### YOUR INSTRUCTIONS
Without the pictures, print the lines running from the beginning of the material to the line containing "Slip Dress Liz Marrom - Imagem 2", both ends included.

### PROVIDED RECORDS

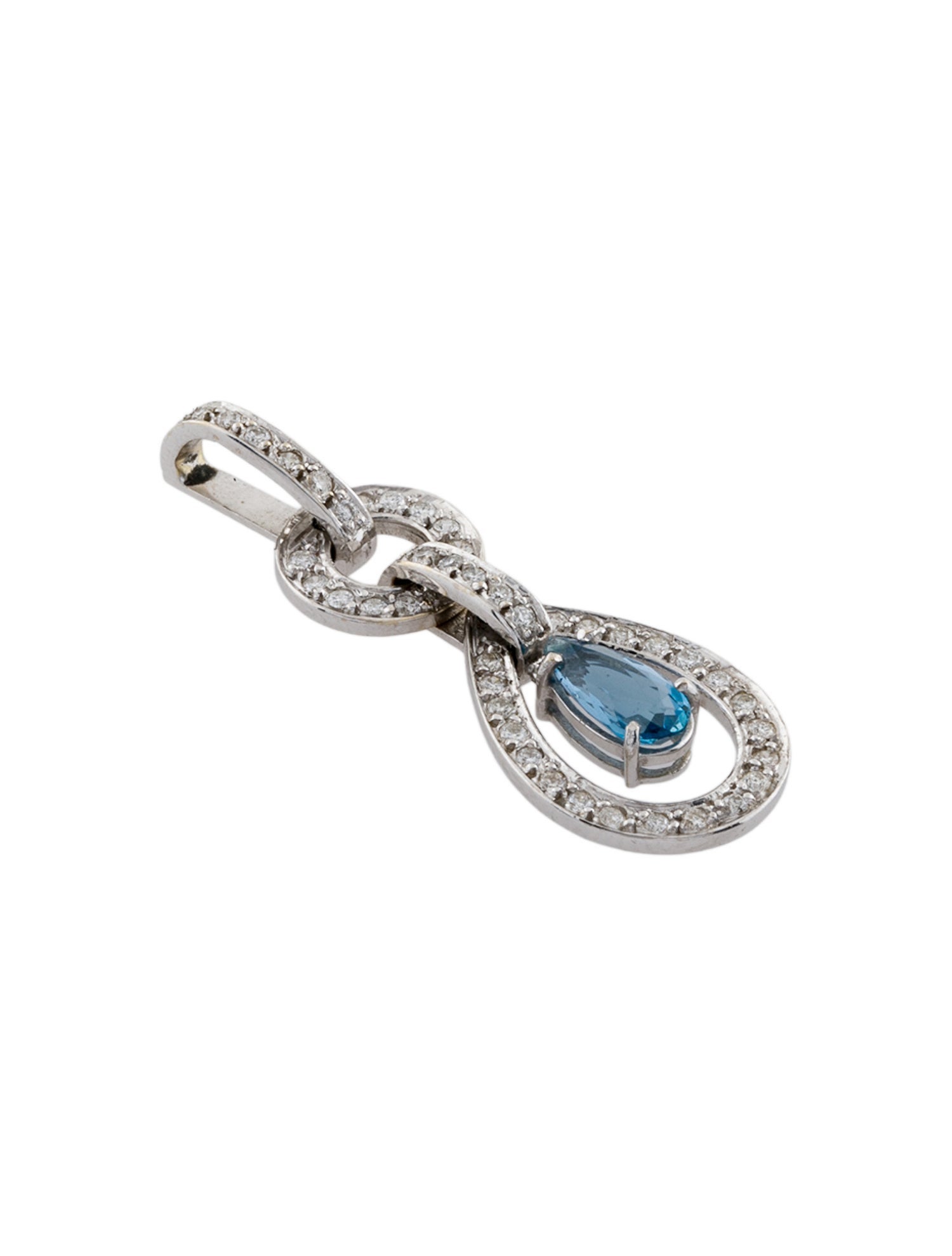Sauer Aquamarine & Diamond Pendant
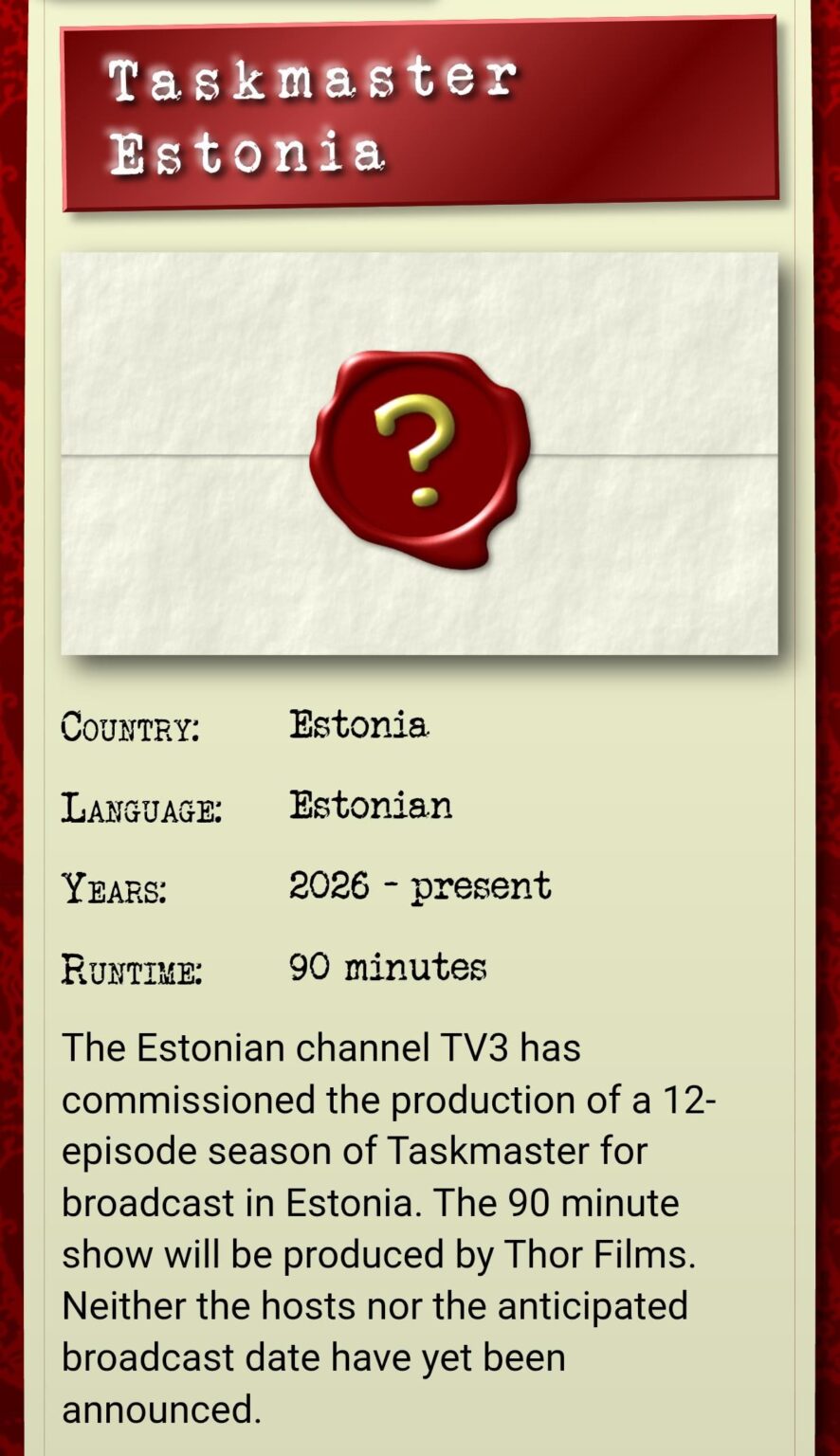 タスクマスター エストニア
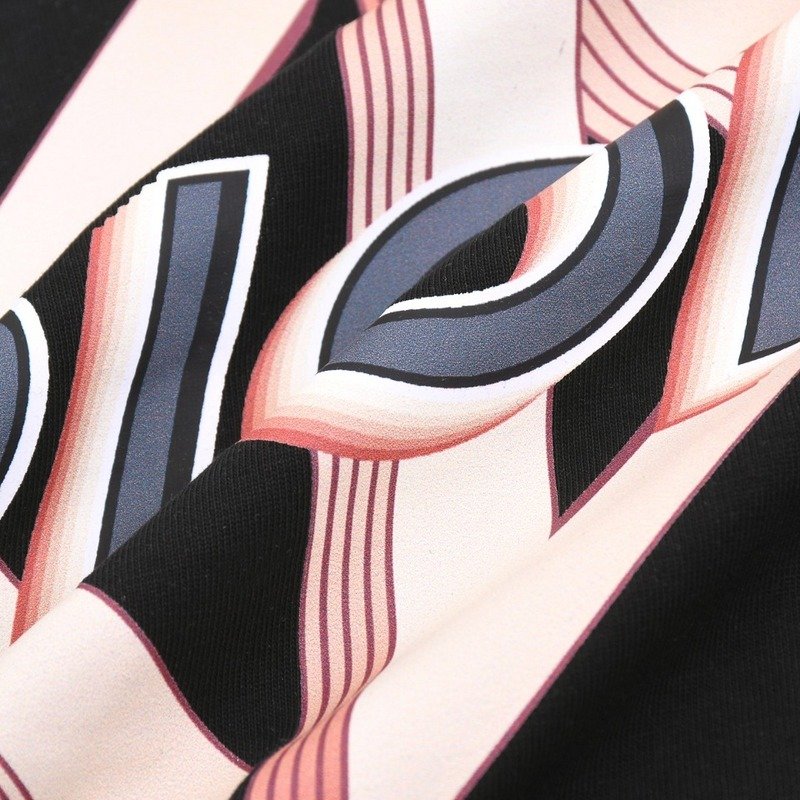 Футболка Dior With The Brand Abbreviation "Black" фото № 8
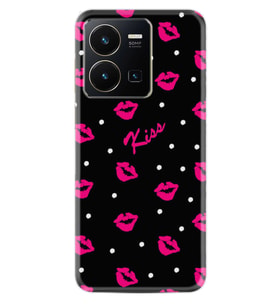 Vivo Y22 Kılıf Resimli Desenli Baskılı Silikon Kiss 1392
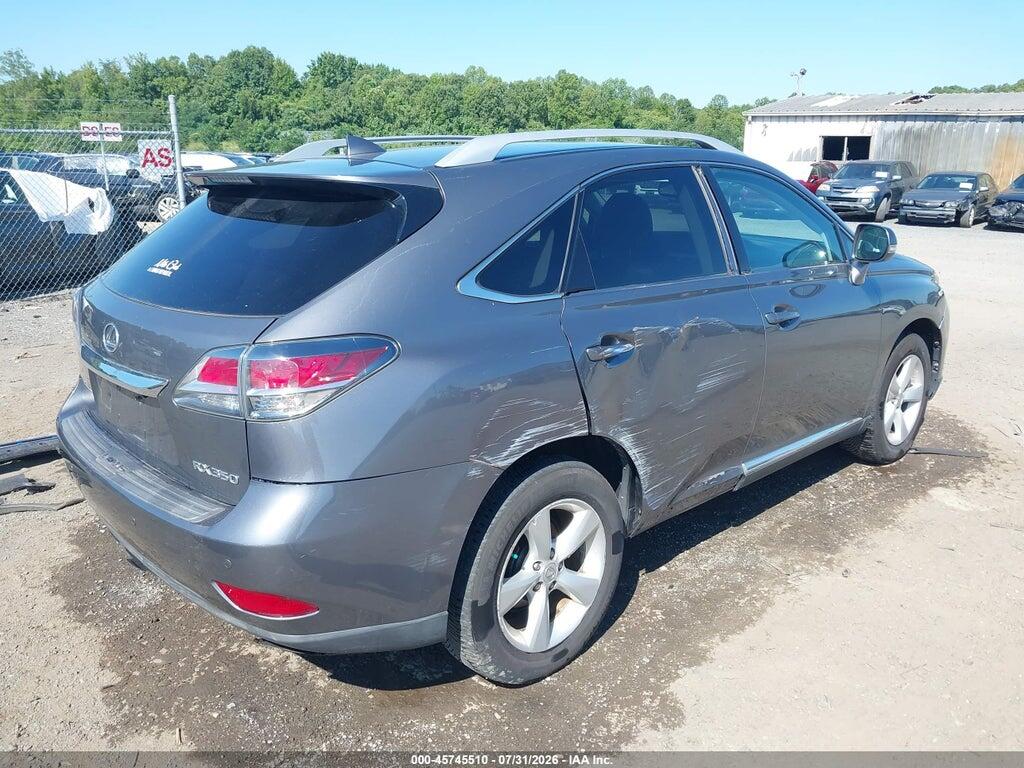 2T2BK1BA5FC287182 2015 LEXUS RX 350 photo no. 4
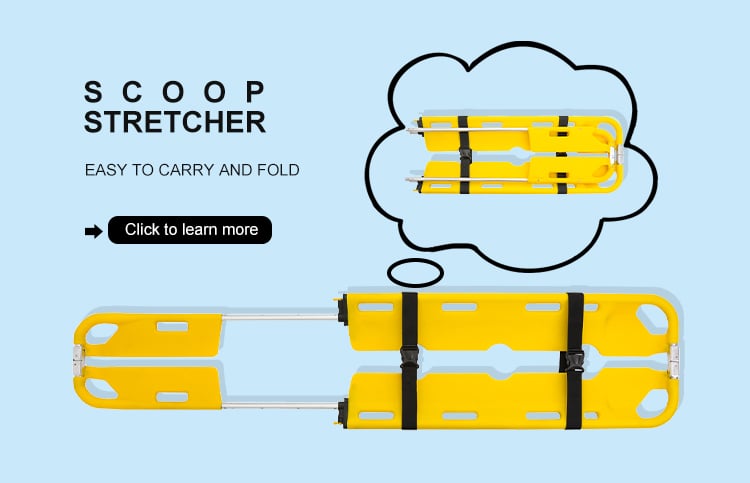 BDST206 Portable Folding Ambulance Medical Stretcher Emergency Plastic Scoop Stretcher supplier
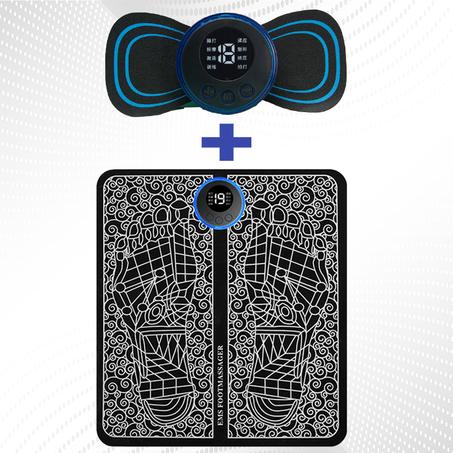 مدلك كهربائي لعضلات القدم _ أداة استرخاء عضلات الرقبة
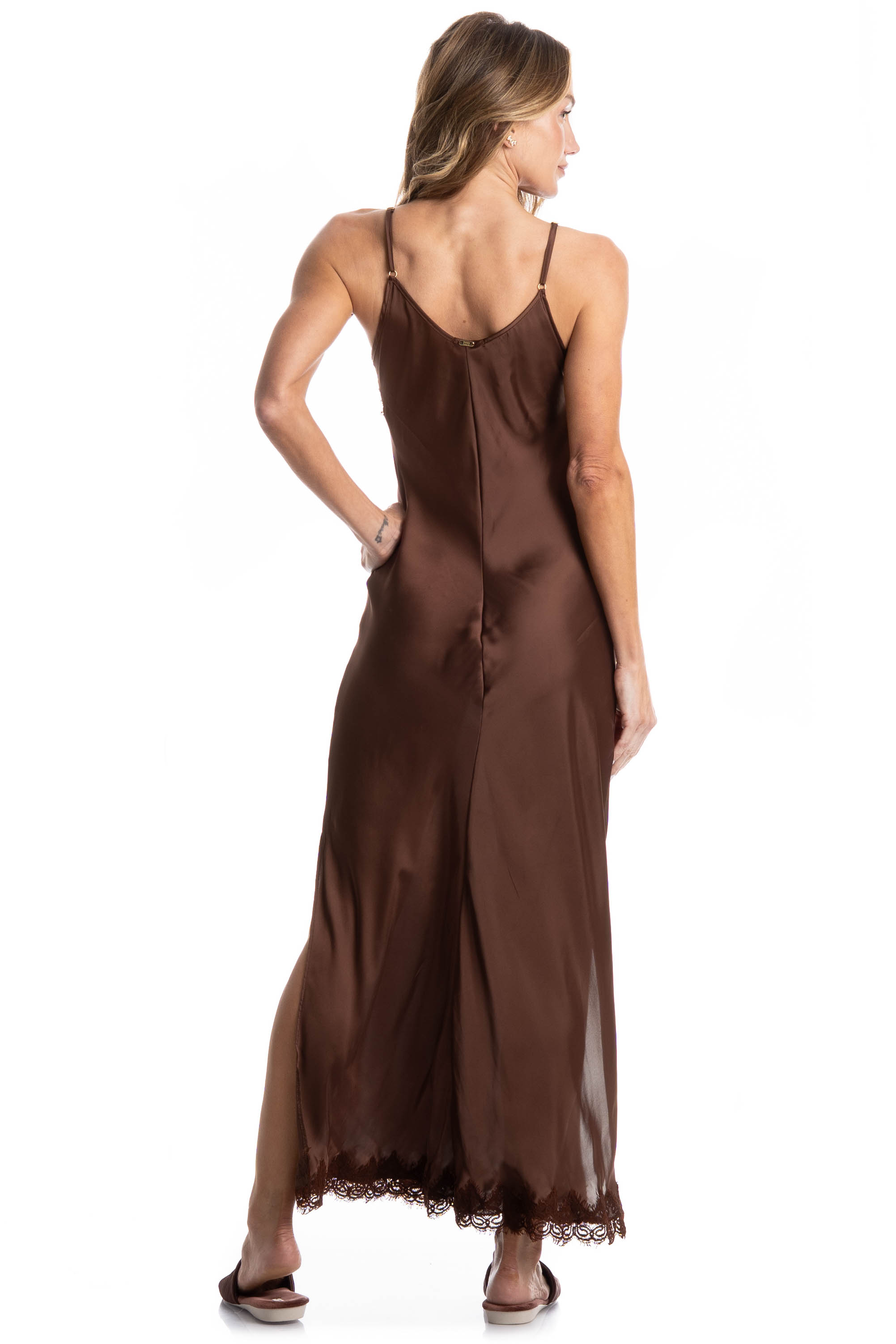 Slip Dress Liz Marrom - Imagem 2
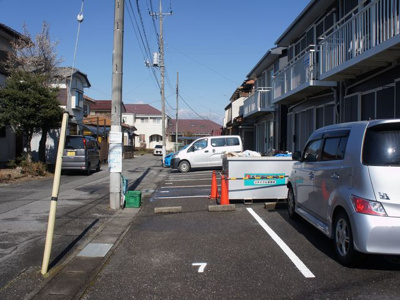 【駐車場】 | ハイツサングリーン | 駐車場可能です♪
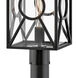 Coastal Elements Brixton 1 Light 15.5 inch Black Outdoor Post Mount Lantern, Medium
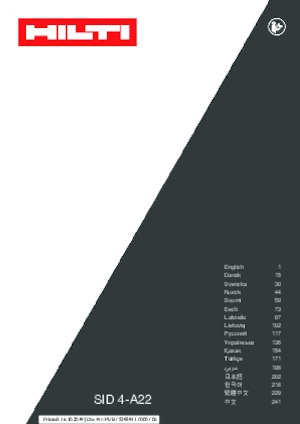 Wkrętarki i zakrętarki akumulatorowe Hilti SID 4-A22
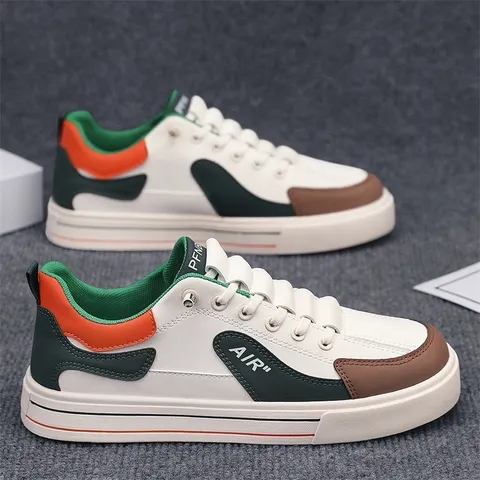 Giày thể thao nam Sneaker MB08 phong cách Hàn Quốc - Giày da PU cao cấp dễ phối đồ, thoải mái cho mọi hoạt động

### FINAL ANSWER
Sauer Aquamarine & Diamond Pendant
 タスクマスター エストニア
 Футболка Dior With The Brand Abbreviation "Black" фото № 8
 Vivo Y22 Kılıf Resimli Desenli Baskılı Silikon Kiss 1392
 2T2BK1BA5FC287182 2015 LEXUS RX 350 photo no. 4
 BDST206 Portable Folding Ambulance Medical Stretcher Emergency Plastic Scoop Stretcher supplier
 مدلك كهربائي لعضلات القدم _ أداة استرخاء عضلات الرقبة
 Slip Dress Liz Marrom - Imagem 2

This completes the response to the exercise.